The implementations can be checked via function read_data_set at fn read_data_sets(), which accept several parameters.

def read_data_sets(train_dir,
                   fake_data=False,
                   one_hot=False,
                   dtype=dtypes.float32,
                   reshape=True,
                   validation_size=5000,
                   seed=None) -> DataSet:

For the case fake_data == True, it returns a Fake DataSet, DataSet([], [], fake_data=True, one_hot=one_hot, dtype=dtype, seed=seed), otherwise, It will returns the MNIST dataset with a high dimension dataset base.Datasets(train=train, validation=validation, test=test), which include training data:label, validation data:label, and test data:label.


  options = dict(dtype=dtype, reshape=reshape, seed=seed)
  
  train = DataSet(train_images, train_labels, **options)
  validation = DataSet(validation_images, validation_labels, **options)
  test = DataSet(test_images, test_labels, **options)

  # The origin implementation is dirtier than this, there is a pull request
  # https://github.com/tensorflow/tensorflow/pull/10188

And it worth to notify that the fake DataSet is not actuall a Empty DataSet, the fake_data label parameters will cause side-effect of how fn DataSet(fake_data=True).next_batch works.

The above one_hot label means, the labels will be present as `one-hot vertaxs

\[\begin{equation} label(2) := [0, 1, 0, 0, 0, 0, 0, 0, 0, 0]\\ \\ label(1) := [1, 0, 0, 0, 0, 0, 0, 0, 0, 0] \end{equation}\] \[\begin{equation} minst_i = (Set(Data(image_i)), Set(label_i)) \end{equation}\] \[\begin{equation} Data(image_i) = \sum_{r=0}^w\sum_{h=0}^h pixel(image_i, r, h) \end{equation}\]

Lets check about \(Data(image_i)\), You can use matplotlib to display some of them.

import matplotlib as plt
plt.imshow(np.reshape(mnist.train.images[0], (28, 28)), cmap="gray")
%matplotlib inline
import numpy as np
import matplotlib

fig = plt.figure(figsize=(80,80))
for i in range(1, 31):
    img = np.reshape(train_data.images[i-1], (28, 28))
    ax = fig.add_subplot(8, 10, i)
    matplotlib.pyplot.imshow(img, cmap="gray")
png

png

All images are shuffled, and you can reshuffle them again by applying function numpy.random.suffle on vetaxs.
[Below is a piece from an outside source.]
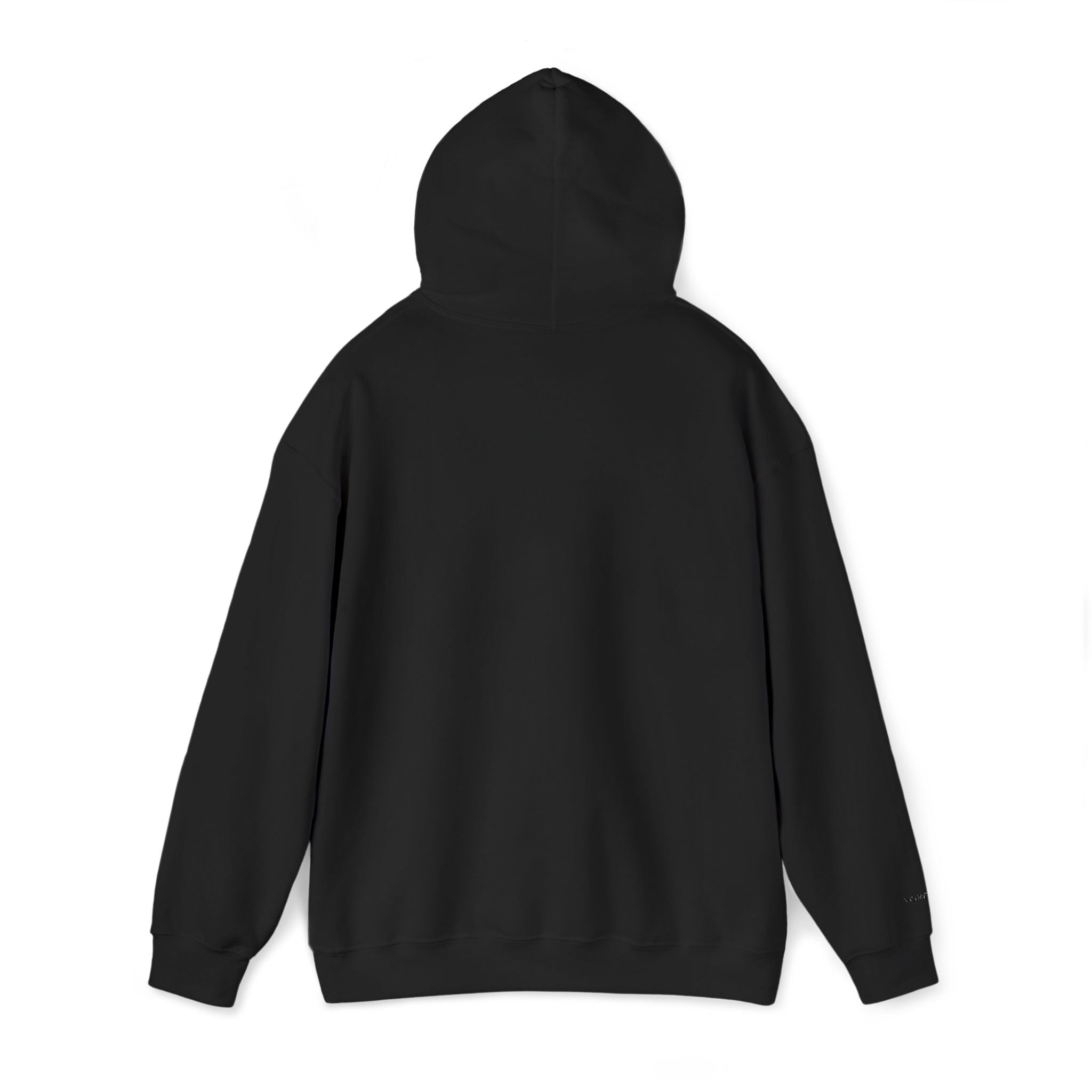 Vorenza Core Hoodie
II Machine Learning with MNIST via Softmax Regressions

2.1 Linear Regression

Now we have the input image Vertax with 28x28 dimensionals, and needs a function which can map it into a 10 dimensionals Vertax as the one-hot Vertax label. All we needs is to create a Martix with shape (10, 28*28), and a bias. Bias is often used by Term \(linear\ regression\) to refer to a slightly more sophisticated model[5]. Thus the function formula can be descibe as:

\[\begin{equation} \left[ \begin{matrix} y_11\\ y_12\\ \vdots\\ y_{10} \end{matrix} \right]= \left[ \begin{matrix} W_{1,1}&W_{1,2}&W_{1,3}&\cdots&W_{1,784}\\ W_{2,1}&W_{2,2}&W_{2,3}&\cdots&W_{1,784}\\ \vdots&\vdots&\vdots&\ddots&\vdots\\ W_{10,1}&W_{10,2}&W_{10,3}&\cdots&W_{10,784} \end{matrix} \right] . \left[ \begin{matrix} x_1\\ x_2\\ \vdots\\ \vdots\\ \vdots\\ x_{783}\\ x_{784} \end{matrix} \right] + \left[ \begin{matrix} b_1\\ b_2\\ \vdots\\ b_{10} \end{matrix} \right] \end{equation}\]

Or:

\[\begin{equation} f(x) = \sum_{i=1}^{10} w_{i,j}x_j+b_i=W^TX+B \end{equation}\]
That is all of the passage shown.